Their complaints include pupils assaulting them in the classroom, lawsuits from unhappy parents, and stress that turns their hair gray, the Telegraph reported.
The salaries of teachers early in their careers, furthermore, are among the lowest in the Organization for Economic Cooperation and Development, wrote the Korea Herald. Teachers who have more than 15 years of experience earn more than the average, however, meaning those who stick it out might be compensated for their troubles.
These issues are important because education in South Korea is currently in a state of crisis.
Recently, hundreds of thousands of educators in the country took to the streets to demand protection and other measures after a 23-year-old elementary school teacher in Seoul committed suicide in her classroom in July. Tens of thousands walked off their jobs.
Violent students, the daily workload, and parental complaints at the teacher’s school were at “an incomprehensibly immense level,” according to the Korean Teachers and Education Workers Union, reported the Korea Times. School administrators, however, denied that any violence took place at the school, eliciting criticism that they were attempting to downplay the tragedy.
An important aspect of this story is the hyper-competitiveness of South Korean schools and the intense pressure cooker-like atmosphere that surrounds exams, the Guardian explained. Students regularly go to private tutors after school, too, and study at night.
This harsh culture has caused teacher suicides in South Korea, noted CNN.
For the past six years through June, about 100 public school teachers have committed suicide in the country. Fifty-seven were in elementary schools, Reuters reported.
In 2014, the country enacted a law that allowed citizens to report a suspected case of child abuse without needing to show evidence for their claims. The teachers’ union said that 60 percent of educators have been accused. Investigations and court cases to get to the bottom of claims can last a year.
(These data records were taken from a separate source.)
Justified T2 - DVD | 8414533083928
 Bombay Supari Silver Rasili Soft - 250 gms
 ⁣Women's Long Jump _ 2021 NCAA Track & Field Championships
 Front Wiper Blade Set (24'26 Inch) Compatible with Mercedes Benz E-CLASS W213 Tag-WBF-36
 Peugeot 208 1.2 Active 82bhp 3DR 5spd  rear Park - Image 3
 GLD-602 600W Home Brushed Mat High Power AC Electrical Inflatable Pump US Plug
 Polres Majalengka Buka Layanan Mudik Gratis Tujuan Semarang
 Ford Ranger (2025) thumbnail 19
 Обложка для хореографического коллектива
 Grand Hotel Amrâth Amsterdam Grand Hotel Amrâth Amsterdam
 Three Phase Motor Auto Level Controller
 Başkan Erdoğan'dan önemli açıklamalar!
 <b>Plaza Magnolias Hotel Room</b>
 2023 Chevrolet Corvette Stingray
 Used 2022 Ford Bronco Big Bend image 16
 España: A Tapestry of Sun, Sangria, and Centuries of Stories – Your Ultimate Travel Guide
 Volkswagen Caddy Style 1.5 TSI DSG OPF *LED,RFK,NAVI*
Teachers, for example, are asking for legislation to grant them immunity from child abuse claims that parents are leveling at teachers who reprimand students for bad behavior, for example making children stand in class after they forget their books and other materials multiple times.
“We’re asking the government to provide a specific manual for dealing with misbehaving students,” teacher Son Gyeong-eun told the New York Times. “Reasonable discipline shouldn’t count as child abuse.”
In response, officials told the teachers that under South Korean law, teacher strikes were illegal and threatened disciplinary action, prompting Education International, an international federation of teachers’ unions and professional groups, to call on the government to uphold their rights to collective action.
For the teachers, it’s a matter of life and death.